Zugegeben: die Nachricht ist nicht taufrisch, und für diejenigen, die Ereignisse und Wegmarken im Bereich der Naturwissenschaften verbuchen, sicher auch keine Neuigkeit mehr (auch wenn des Referent zugeben muß, daß sie, da er nicht breitbandig-allgemein, sondern nur noch sehr zielgerichtet ein Auge auf die Weltläufte hat, eine Woche brauchte, um bis zu ihm vorzudringen - so mag sie auch für andere um ewig gleichen Rauschen der politisch dröhnenden Kulisse untergegangen sein): Murray Gell-Mann, "Vater" der Quarks - oder besser: der Erklärungsmodell für Partikel, Untereinheiten, Elemente, aus denen sich die kleinsten Bausteine der Materie zusammensetzen - ist am Freitag, dem 24. Mai 2019, in Santa Fe im amerikanischen Bundesstaat New Mexico gut vier Monate vor seinem 90. Geburtstag und genau ein halbes Jahrhundert, nachdem er im Jahr der ersten bemannten Mondlandung den Nobelpreis für Physik verliehen bekommen hatte, gestorben. (Den Preis bekam er allerdings nicht für das schlüssige Postulat der Quarks von 1964, sondern für seine Beiträge zur Klassifizierung und Erklärung des gewissermaßen "darüberliegenden" Elementarteilchenzoos, unter anderem seines Klassifikationsschemas der Hadronen von 1953, der Neuformulerung der schwachen Wechselwirkung - die er mit Richard Feyman entwickelte und zur Chiralität, zum Symmetriebruch im Bereich der starken Wechselwirkung.)

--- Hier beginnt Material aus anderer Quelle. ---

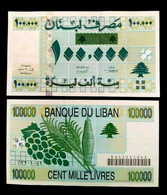 LEBANON RARE ( 1 ) 2001 ( 100,000 ) LIRAS UNC BANKNOTE P-83 - Libanon
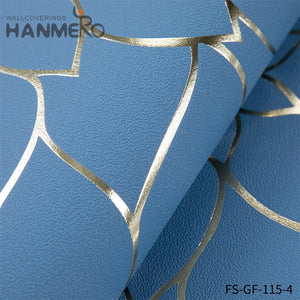 HANMERO rooms with wallpaper Hot Selling Geometric Embossing Modern Bed Room 0.53*10M PVC Gold Foil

Den erwähnten Interessenten wird dies alles keine Neuigkeit sein; wem der Name Gell-Mann kein Begriff ist und von der Beschaffenheit dieses kleinsten zu ergründenden Mikrokosmos nur weiß, daß "Quantentheorie" nicht rational zu erfassen ist, sondern des Glaubens an die paradoxen Beschreibungsmodelle bedarf (dann weiß er schon mehr als ein großer Teil der Zeitgenossen): dem werden solche knappen Stichworte kein Fingerzeig sein. Mir soll es in dieser kleinen Anmerkung aber um etwas anderes gehen.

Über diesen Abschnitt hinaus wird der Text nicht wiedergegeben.